300 ve Sin City gibi birçok çok satan hikaye yazan ve bunları beyaz perdeye aktaran Frank Miller yeni projesinde Tom Wheeler ile çalıştı.
Frank Miller: Çok keyifli bir süreç geçirdik. Tom ile çalışmak çok güzeldi. Çok sağlam bir duruşu vardı. Hikaye farklı yönlere çekilebilirdi ama Tom işin başındaydı ve yoldan çıkmamamızı sağladı. Her konuda işin uzmanlarıyla çalışmak çok önemliydi. Gidip kostüm tasarımcısıyla konuştum, görsel yönetmenle konuştum mesela ve ben herkese yardım etmeye çalıştım. YCK: Bu hikayenin aslında günümüzde yaşananlarla benzerlikleri var... Sizce de öyle değil mi? FM: Bence olayın iki tarafı var. Arthur efsaneleri bir tarafta. Ama aynı zamanda dini baskı ve yaşanan şiddet, azınlıklar, evlerinden olan insanlara yapılan zulüm diğer tarafta. Bence fantezi her zaman eğlenceli ama işin bir de günümüze yansıyan bölümü var.
Tom Wheeler, hikayenin kitaptan diziye evrilmesini detaylarıyla anlattı.
YCK: İnsanlar neden bu tür yapımlara ilgi gösteriyor ve sizi bu tür hikayeleri yaparken nelerden ilham alıyorsunuz? FM: Fanteziler üzerinde Yapılan en büyük hata fantezilerin gerçek dünya ile bağının olmadığını düşünmeleridir. Buna kaçma diyorlar. Fanteziyi kullanarak gerçeklikten kaçmak olarak algılıyorlar. Fakat iyi ve kötü sadece Yıldız Savaşları'nda olmuyor. Bu gerçek hayatta da oluyor. BU hikayelerdeki goblinler, ejderhalar ve diğerleri dışarıdan geliyor. İçimizden geliyor.

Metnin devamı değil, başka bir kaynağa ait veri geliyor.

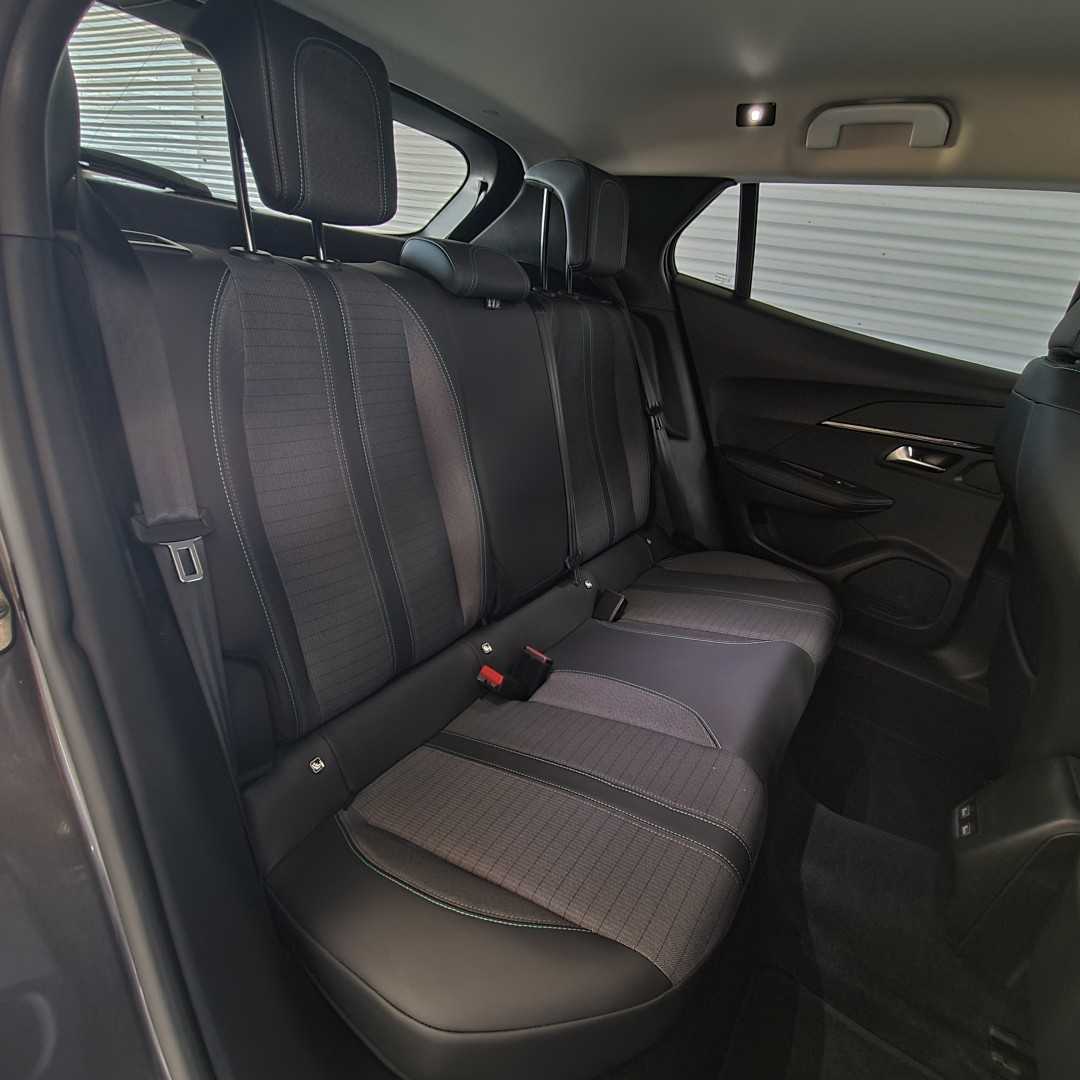 peugeot-e-2008-2021-eletrico-0cc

Bu hikayeler, Arthur'un hikayesi gibi hikayeler bağlantılı olacak. Bu hikayelerden her zaman birileri bir şey çıkaracak ve dünyayı etkileyecek. Bu hikayelerin her zaman bir amacı olacak ve bu sebeple çekiciliği olacak. İnsanlar düzen olmasını ister. Entelektüel olarak tartışmak isteriz ama kahramanlar bu tartışmaları ve mücadeleleri ihtiyacımız olan şeyi yaratır. Mesela Superman Amerikan adaletini getirmekle uğraşır. 1950'lerde böyle oldu. Fakat bunların hepsinin toplumumuzda bir bağlantısı var. Bunlar sadece fanteziler değil. TW: Çok iyi dedin Frank ben bu kadarını söyleyemezdim. Fantezi bizi dolduruyor aslında. Dünyanın farklı bölgelerindeki özellikle ABD'de dünyayı değiştirmek için mücadele etmesi çok ilham verici. Bence Frank'in dediği gibi bu hikaye bu barbarca dünyada değişim için ilham veriyor. Çekimleri yaptığımız yerler harikaydı. Dizide gördüğünüz yerlerde çektik. Aslında her şey oradaydı sadece çekim yapılmasını bekliyordu. Tarih çok büyük bir ilham kaynağıydı. Çok iyi tarih bilen bir ekiple çalıştık. Bu karakterde çok önemli bir nokta vardı. Herkes aynı hedef için çalışıyordu. Çok sayıda insan ilham verdi.